▶ PROBLEM DETAILS
Quote exactly, and only, the lines of the material below from the line with "Bruckner, Josef Anton" through the line with "Матовый Global Tile".

▶ MATERIAL SHOWN
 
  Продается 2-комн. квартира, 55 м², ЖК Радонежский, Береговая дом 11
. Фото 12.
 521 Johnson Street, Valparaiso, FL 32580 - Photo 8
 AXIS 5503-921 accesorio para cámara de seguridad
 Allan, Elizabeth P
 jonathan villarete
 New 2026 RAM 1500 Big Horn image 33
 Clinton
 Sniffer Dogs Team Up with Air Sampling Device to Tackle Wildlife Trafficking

---

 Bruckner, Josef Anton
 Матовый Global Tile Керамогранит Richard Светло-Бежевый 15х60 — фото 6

▶ ANSWER TO THIS EXERCISE
 Bruckner, Josef Anton
 Матовый Global Tile Керамогранит Richard Светло-Бежевый 15х60 — фото 6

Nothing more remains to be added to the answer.